The implementation of telemedicine & e-Health requires multidisciplinary collaboration, with the active participation of IT specialists, telecommunication operators and health care professionals. There is a need to bridge the gap between these communities at all levels. Concerned National ministries also need to work together towards introduction of a telemedicine & e-Health policy and achievement of universal service where emergency services, health and social information systems are concerned. The creation of national associations, committees with membership of women MNAs and MPAs, task forces and the like, with a multidisciplinary composition, is necessary to bring together IT, telecommunication and health professionals, lawyers, industry and others to assist with awareness-raising at a national level on the issue. The process should start with conducting a women especially rural based requirement analysis. The analysis should address the definition of objectives, functions, and utilization of health information and assistance for women in the evaluation of existing information systems.

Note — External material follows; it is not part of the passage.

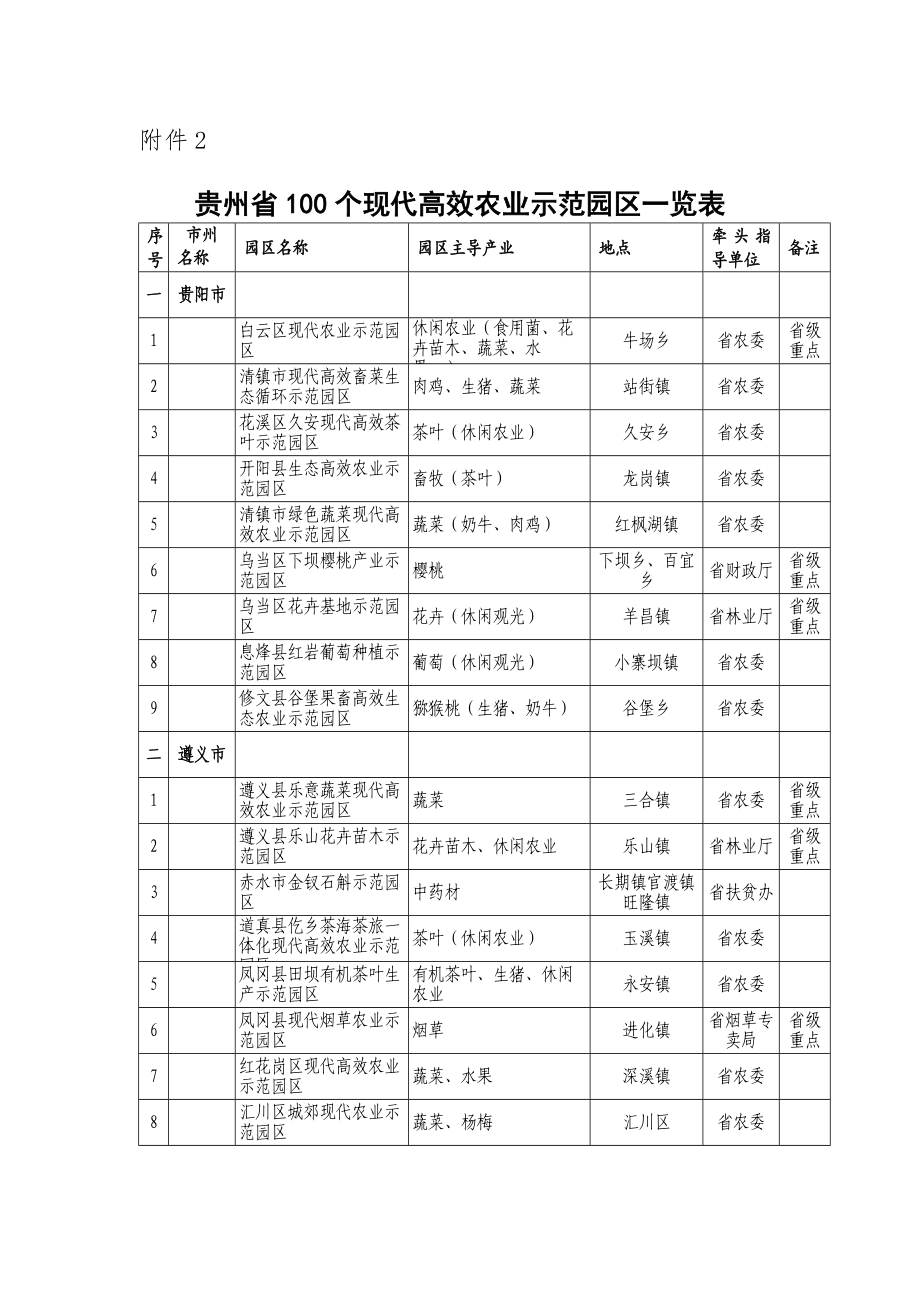 贵州省100个现代高效农业示范园区一览表.doc_第1页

Above all nothing can be done without financial assistance from government’s end so a sufficient disbursement that mitigates all the issues regarding financial aspects of such an initiative should be allocated. The infrastructural and technical support projects are required to be in place to provide a common sense of urgency, mechanism and some funding support for large-scale adoption of ICTs by various departments of the central and provincial governments. Such a catalytic action, and perhaps creating an environment for competitive performance, is very much needed in the initial phase. It has been especially useful for provinces that are otherwise slow on the take, vis a vis ICTs, and they may also be the ones that most need reform in that area. Department of IT can give a technical support to e-health initiatives of various departments of health ministry regarding women at the central and province levels, including through listed consultants. Center of Women Initiative for E-Women has playing a vital role in empowering women. Such should be supported and assisted by federal and provincial governments. It may come as a surprise to many that for more than half population; women, so crucial to the future of country, there has never been any dedicated e-health implementation for them in Pakistan. One would expect to have some kind of a detailed policy document based on due consultations with all stakeholders, which provides the vision for e-health for women in Pakistan, integrating governance reform priorities like right to information and improved community participation and monitoring.